Updating the image and EC2

Let's now create a final (and updated) version of our Docker image:

$ docker build -t masteringmatplotlib/eros docker/eros/

Next, we'll need to publish it to Docker Hub so that you can pull it down on your EC2 instance:

$ docker push <your-project-or-user-name>/eros

One your EC2 instance, get the latest version of <your-project-or-user-name>/eros which you just published:

ubuntu@ip-address:~$ sudo docker pull <your-project-or-user-name>/eros

Execution

Now you can finally run a Docker container from your image, thus generating a file for the RGB satellite image data:

ubuntu@ip-address:~$ export BUCKET=scoresbysund
ubuntu@ip-address:~$ export SCENE=LC82260102014232LGN00
ubuntu@ip-address:~$ export IMGTYPE=rgb
ubuntu@ip-address:~$ sudo docker run \
  -e "S3_IMAGE_TITLE=RGB Image: Scene $SCENE" \
  -e "S3_IMAGE_TYPE=$IMGTYPE" \
  -e "S3_IMAGE_FILENAME=$SCENE-$IMGTYPE-`date "+%Y%m%d%H%M%S"`.png" \
  -e "S3_BUCKET_NAME=$BUCKET" \
  -e "S3_PATH=https://s3-us-west-2.amazonaws.com/$BUCKET" \
  -e "EROS_SCENE_ID=$SCENE" \
  -e "AWS_ACCESS_KEY_ID=`cat /etc/aws/access`" \
  -e "AWS_SECRET_ACCESS_KEY=`cat /etc/aws/secret`" \
  -t masteringmatplotlib/eros

As that task runs, you will see output like the following:

Generating scene image ...
Saving image to S3 ...
0.0/100
27.499622350156933/100
54.99924470031387/100
82.4988670504708/100
100.0/100

On a relatively modern iMac, this job took about 7 to 8 minutes; on EC2 it only took about 15 seconds.

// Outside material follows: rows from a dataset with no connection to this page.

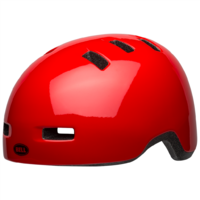 Bell Lil Ripper Helmet S gloss red Unisex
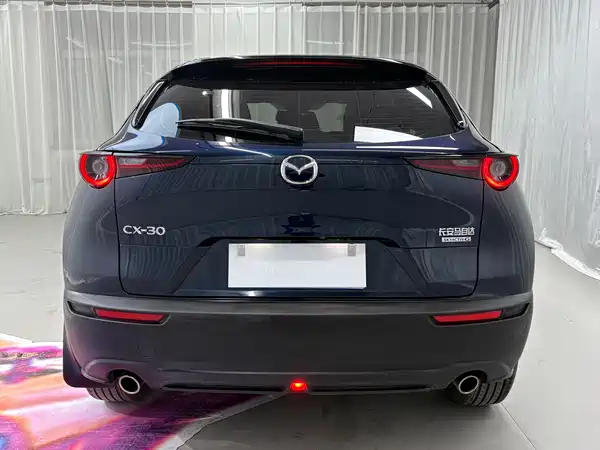 Mazda CX-30 2022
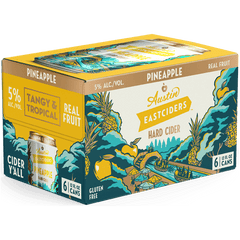 Austin Eastciders Pineapple Cider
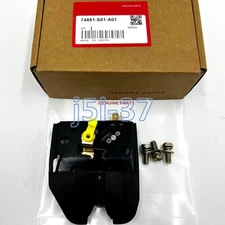 For 1996-2000 Honda Civic Trunk Lid Latch Lock Release Handle 74851-S01-A01 New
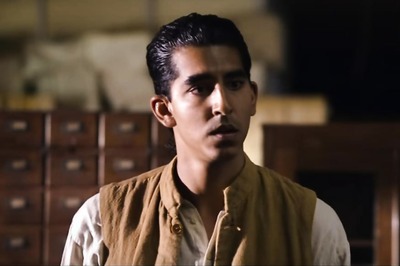 Feel an Overwhelming Sense of Gratitude: Dev Patel on Oscar Nomination
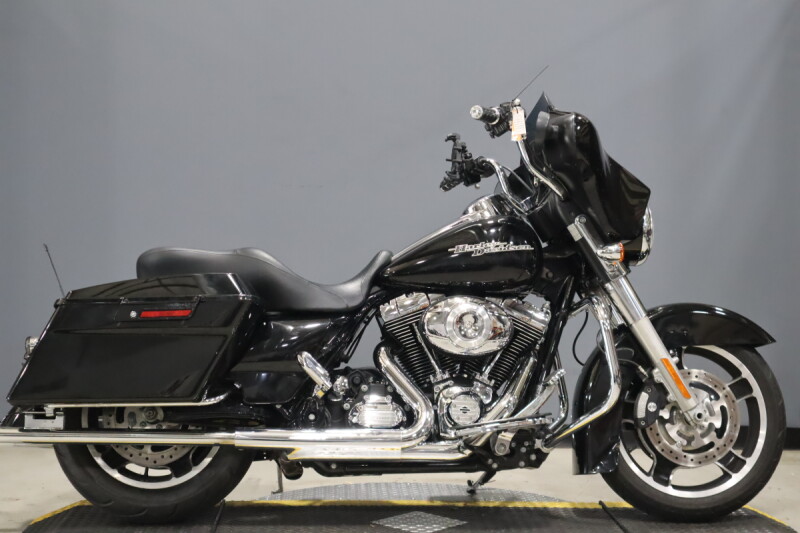 2013 Harley-Davidson® Street Glide® FLHX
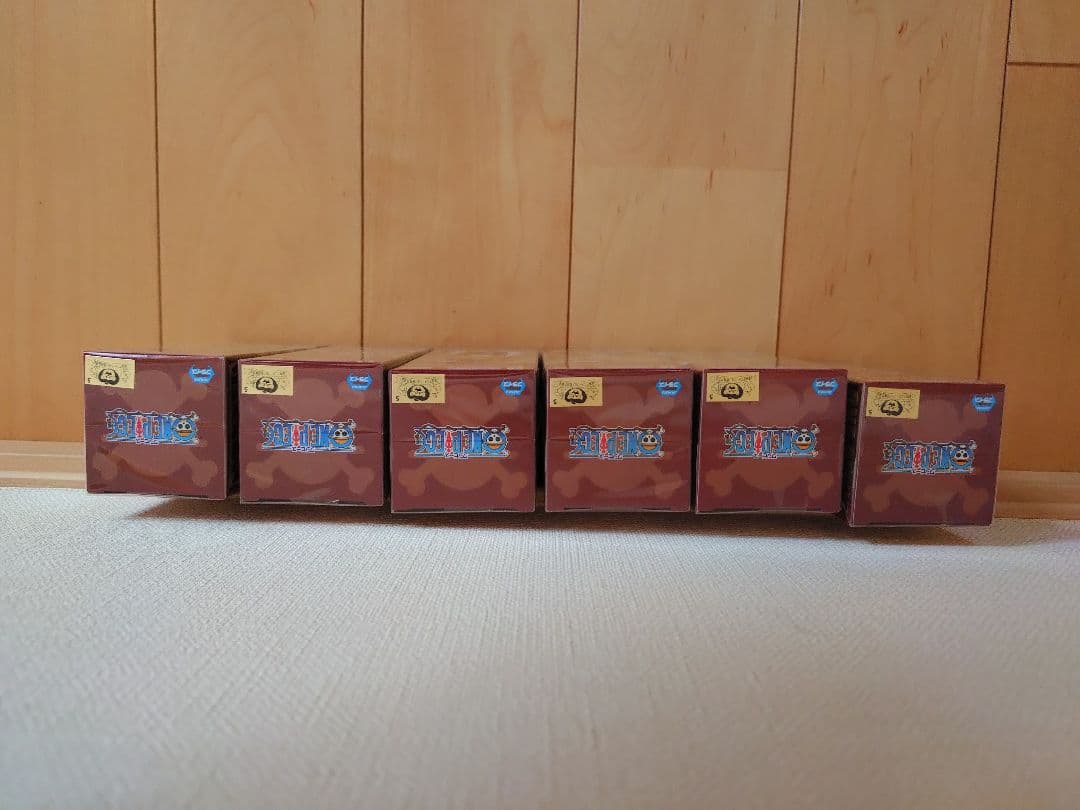 ワンピース ワールドコレクタブルフィギュア ドレスローザ24体セット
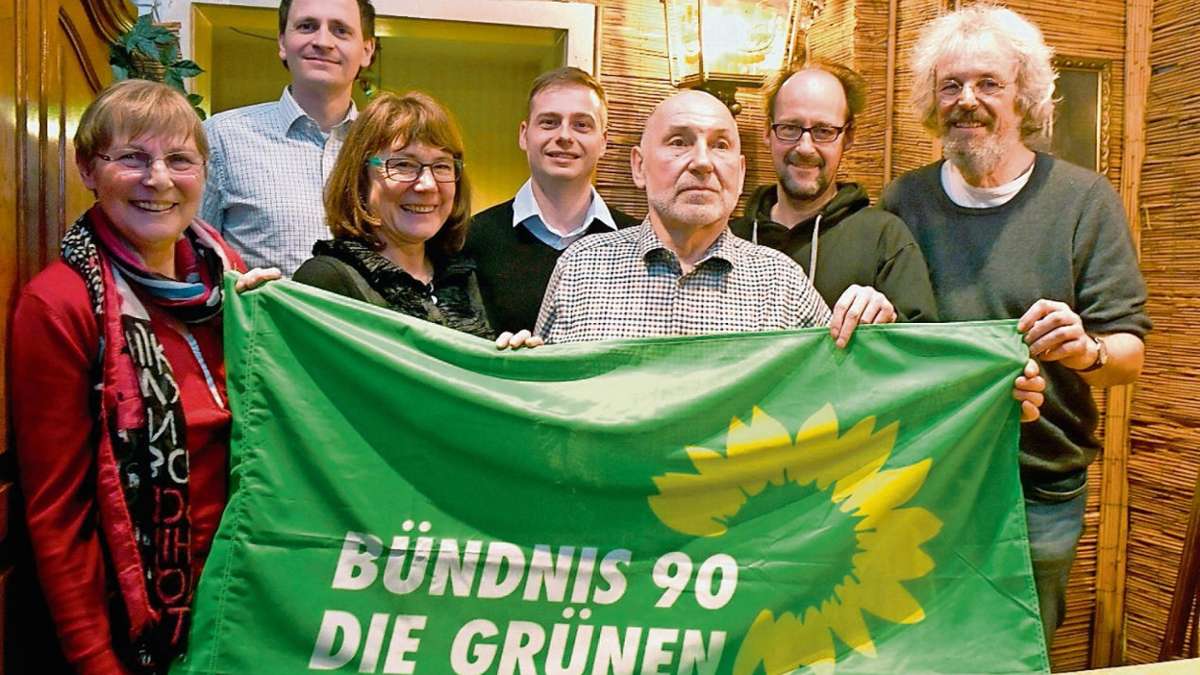 Suhl: Die Grünen treten wieder zur Stadtratswahl an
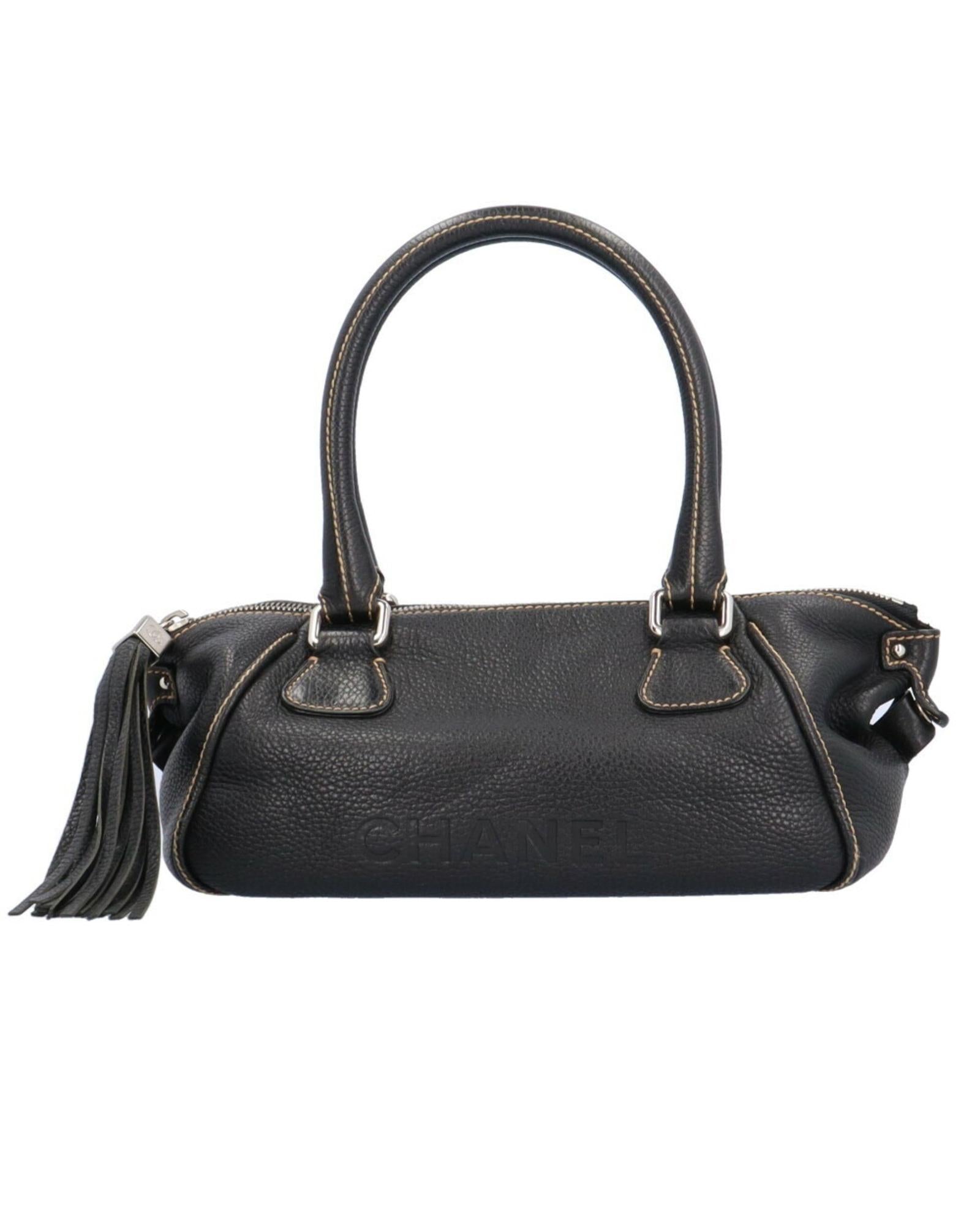 Chanel Classic Handbag Model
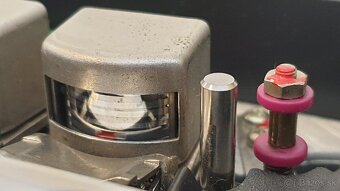 Čtyřstopý kotoučový magnetofon REVOX B77 MKI - 20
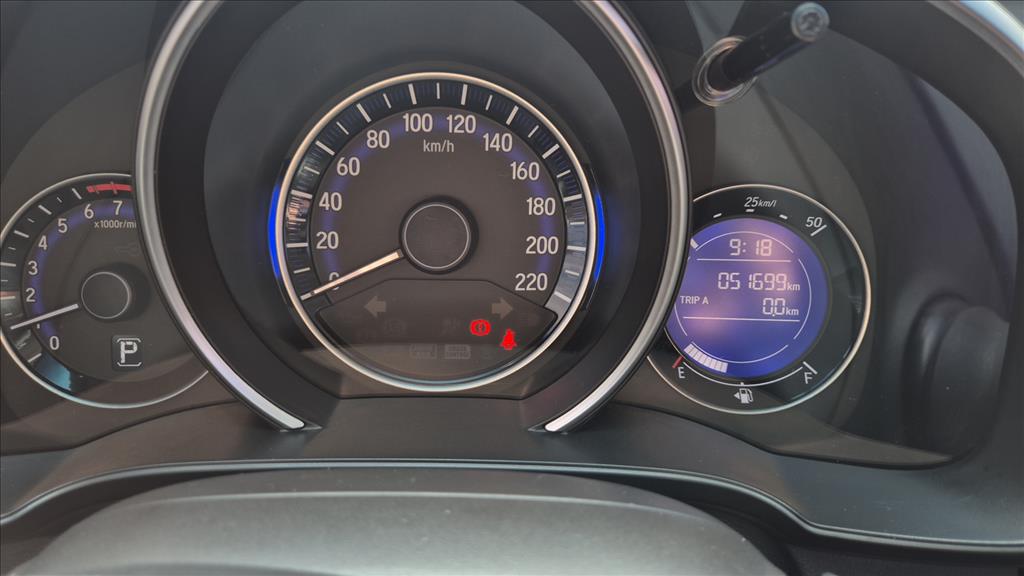 FIT 1.5 EX 16V FLEX 4P AUTOMÁTICO8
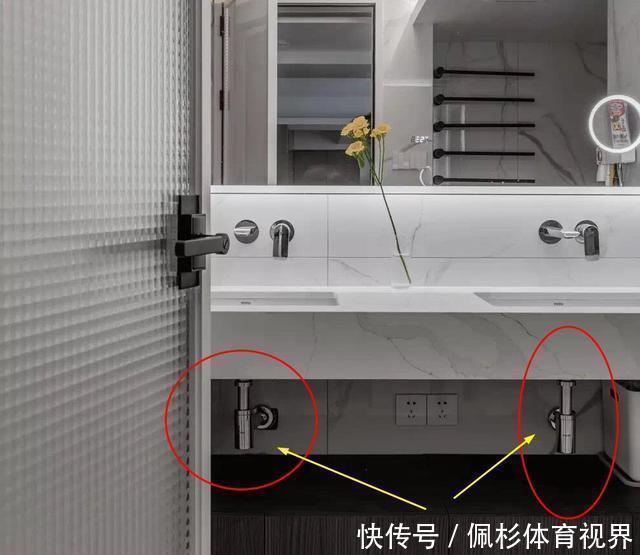 浴帘|卫生间用了3年,才发现这些都是“坑”!下次装修要全避过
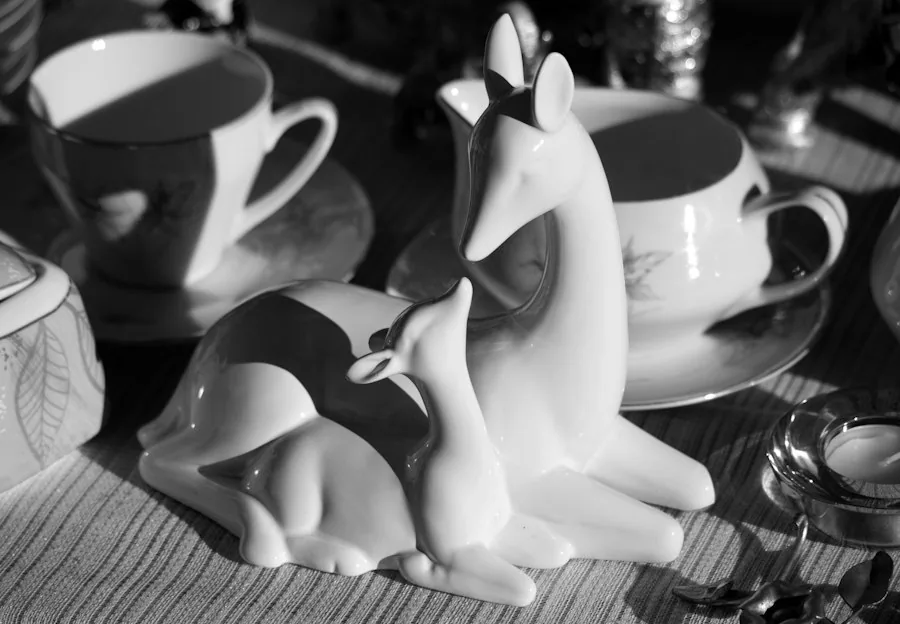 Dresden Porcelain Figurines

For the false-color short-wave and IR image, run a similar command:

ubuntu@ip-address:~$ export IMGTYPE=swir2nirg
ubuntu@ip-address:~$ sudo docker run \
  -e "S3_IMAGE_TITLE=False-Color Image: Scene $SCENE" \
  -e "S3_IMAGE_TYPE=$IMGTYPE" \
  -e "S3_IMAGE_FILENAME=$SCENE-$IMGTYPE-`date "+%Y%m%d%H%M%S"`.png" \
  -e "S3_BUCKET_NAME=$BUCKET" \
  -e "S3_PATH=https://s3-us-west-2.amazonaws.com/$BUCKET" \
  -e "EROS_SCENE_ID=$SCENE" \
  -e "AWS_ACCESS_KEY_ID=`cat /etc/aws/access`" \
  -e "AWS_SECRET_ACCESS_KEY=`cat /etc/aws/secret`" \
  -t masteringmatplotlib/eros
Generating scene image ...
Saving image to S3 ...
0.0/100
26.05542715379233/100
52.11085430758466/100
78.16628146137698/100
100.0/100

You can confirm that the image has been saved to your bucket by refreshing the S3 screen in your AWS Console.

Though it may seem awkward to parameterize the Docker container with so many environment variables, this allows you to easily change the data you pass without needing to re-generate the Docker image. Your Docker image produces containers that are generally useful for the task at hand, allowing you to process any scene.